Err... Actually, native speakers are taught this early on at school :). For natives, there is a different reason to learn cases in elementary schools—to be more exact, they need it to spell endings correctly. You cannot reliably spell unstressed endings by ear. However, since Russian features consistent spelling of case paradigms, it is a piece of cake if you know what case the word is in.
You can use Wiktionary, too.
It is a typical pattern for -ия nouns, i.e., words like Мария, Англия, Италия, Япония, Джулия, аудитория will ALL decline like this.

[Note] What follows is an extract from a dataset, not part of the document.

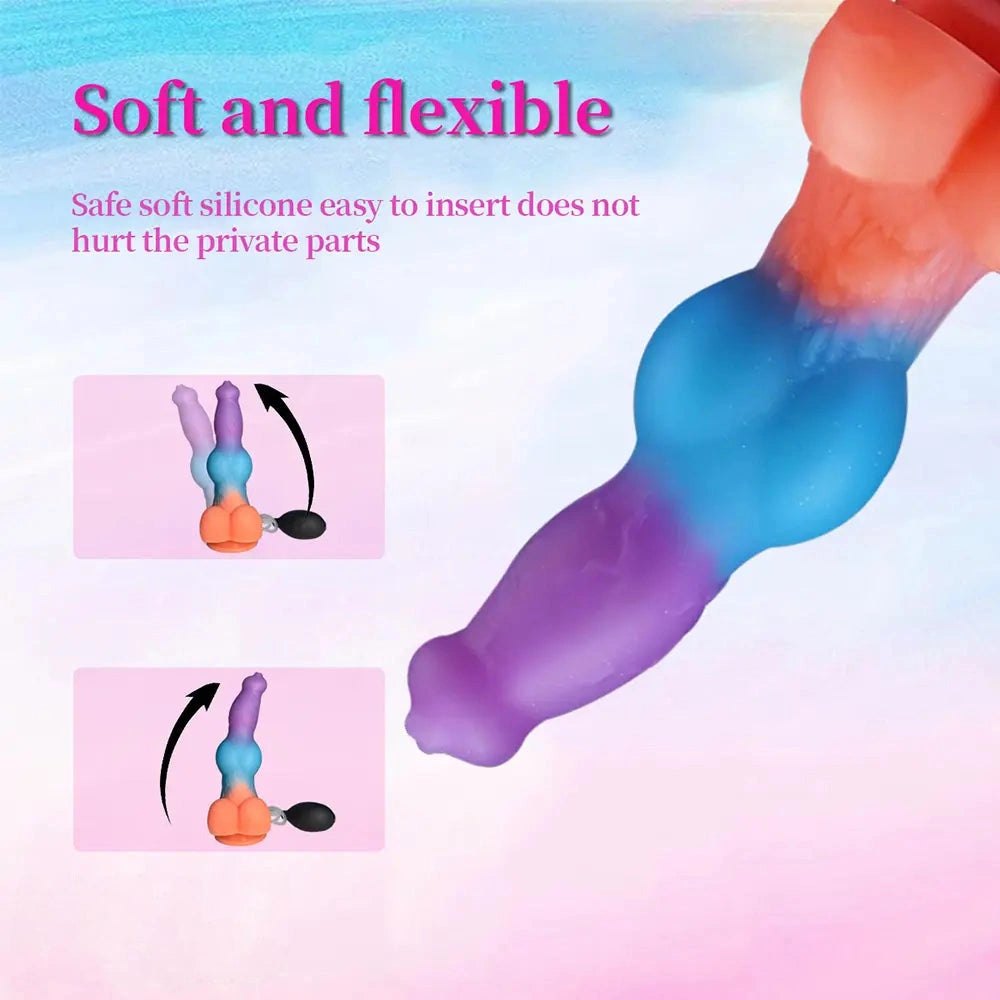 Mixed gradient vibrating knot dildo, photo 12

Thank you for your reply. I'm getting used to the cases, that's all. I can speak decent German (es klingt leider wie ein Kind), so I thought some exposure to cases in German would make Russian a little easier.

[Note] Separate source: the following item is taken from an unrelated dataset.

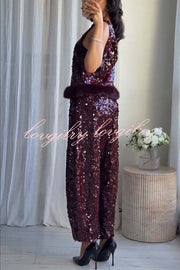 Gala Goddess Sequin High Rise Zipper Waist Wide Leg Pants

Nope! It's much more complicated than I thought. Not discouraged though! I know I'll figure it out eventually.
I just want to know if I can find a table or source that shows all the case endings. I get confused looking flipping between lessons and I more or less understand what the cases are used for so far.
Danke für deine Hilfe. (Wie sagt man das auf Russisch?
Can you give any tips on using wictionary in this situation? I have a word in Russian and I know the English meaning, but not which Russian case I'm looking at, and I want to find a table of declensions. Once you gave this direct link, (or once I saw that you had) that was great, but up to that point I was really struggling. Typing Германии into their search box kept giving me the declensions of geranium:/
Here's a set of declension tables you may find helpful. I use it all the time - I developed it from a number of different tables:
Also, this may prove helpful: a table of prepositions, their meanings, and the case(s) of their objects (The case of preposition objects sometimes depends on whether motion is involved, or other factors):
Russian prepositions that express location, movement TO and movement FROM usually work in triplets: в–в–из, на–на–с, and у–к–от.
It means if you wish to be "in" some place, you go "into" it; when leaving, you go "from" it. Sometimes it is quite literal, i.e. в means inside :
- Я в комнате. = I am in a room.
- Я иду в комнату. = I am going to a room.
- Я выхожу из комнаты. = I am getting out of the room.
Similarly, на "on, at" works with с "off, from". The preposition у "at" combines with к "to, towards" and от "away from, from":
- Я у Саши. = I am at Sasha's place.
- Я иду к Саше. = I am going to Sasha.
- Я возвращаюсь от Саши. = I am coming back from Sasha.
Из is also used to express materials or components (e.g., "из дерева", "из металла", "из блоков").